The meat and potatoes of the game are contained in the single player Superstar mode. This mode has you playing through various stages containing an overwhelming amount of mini-games and the occasional tennis match. By beating these various missions, you unlock new characters, courts and music. The stages and missions are fun (and a smile might come to your face as you unlock such stages as Chu Chu Rocket and Puyo Pop), but they’re very repetitive. There may be ten missions in a stage, but they are all basically the same mini-game with a plodding introduction as to how the game is played. Nonetheless, there is a considerable amount to do in this mode, and it should take you somewhere between five and ten hours to complete it in its entirety.

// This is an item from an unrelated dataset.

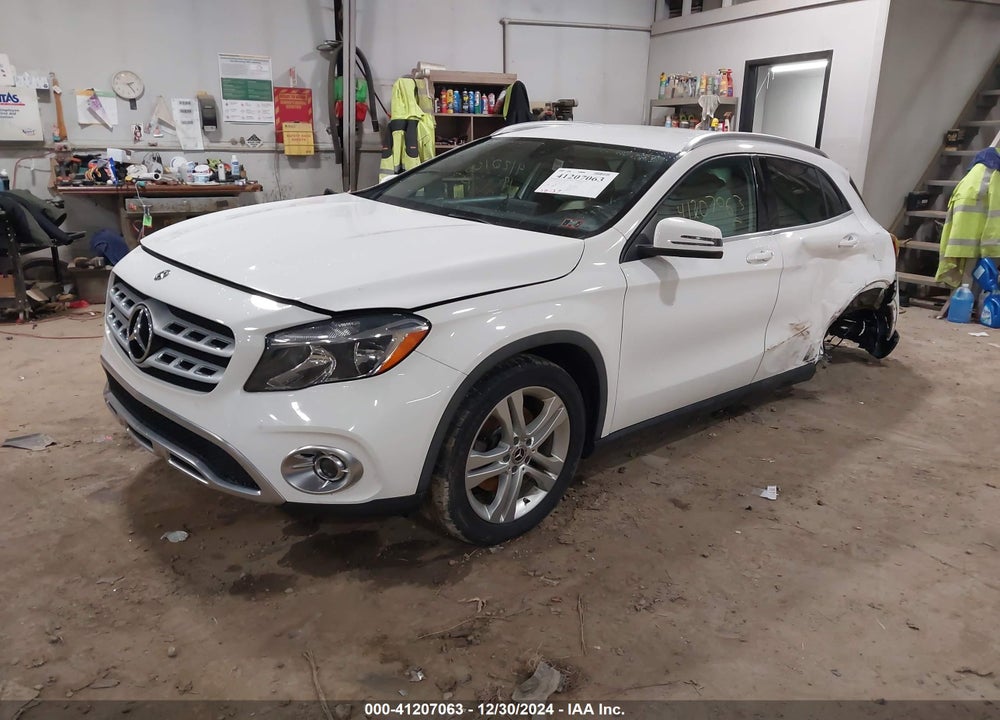 2019 MERCEDES-BENZ GLA 250 4MATIC VIN: WDCTG4GB6KU015339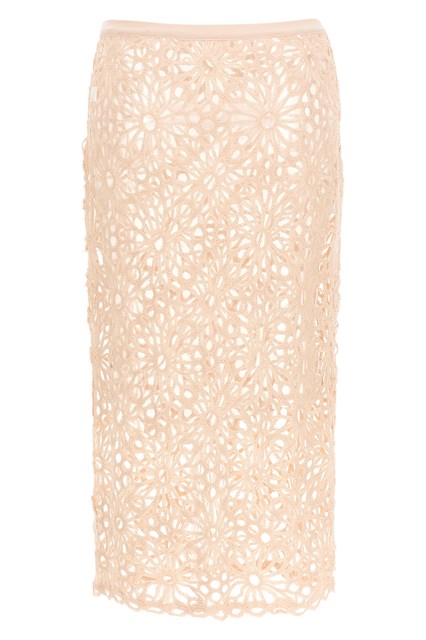 Gonna 'Crochet' - Rosa (XS)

While the tennis aspect of this game is a reproduction of the same game we’ve been playing on real courts for years, the mini-games are where Superstars Tennis really takes creative license. Sega staples such as Space Harrier, House of the Dead, and six others are given a tennis makeover. Space Harrier has you playing the shooter with a Sega character armed with a racket and balls, while House of the Dead has you turning back an endless supply of the undead with a zombie-killing tennis ball.
Not all of the mini-games are all that creative and fun, however; there are some duds in the bunch, such as the Sonic the Hedgehog game in which you frantically collect rings while dodging spiked balls and bombs. It just seems very out of place in a tennis game when the mini-game has no relevance to tennis besides the fact that it takes place on a court. While all mini-games can be played cooperatively with up to four people, it often clutters the screen with too many characters.
All in all, Sega Superstars Tennis has decent controls but suffers from a somewhat shallow tennis design. Its mini-games are definitely its highlight but once the novelty of them wears off, you’ll probably want to play the original titles rather than continue playing this one. I’d highly recommend it to Sega fans, as there is enough nostalgia to help you get though the repetitive and boring parts, but non-Sega fans won’t find enough to generate lasting interest.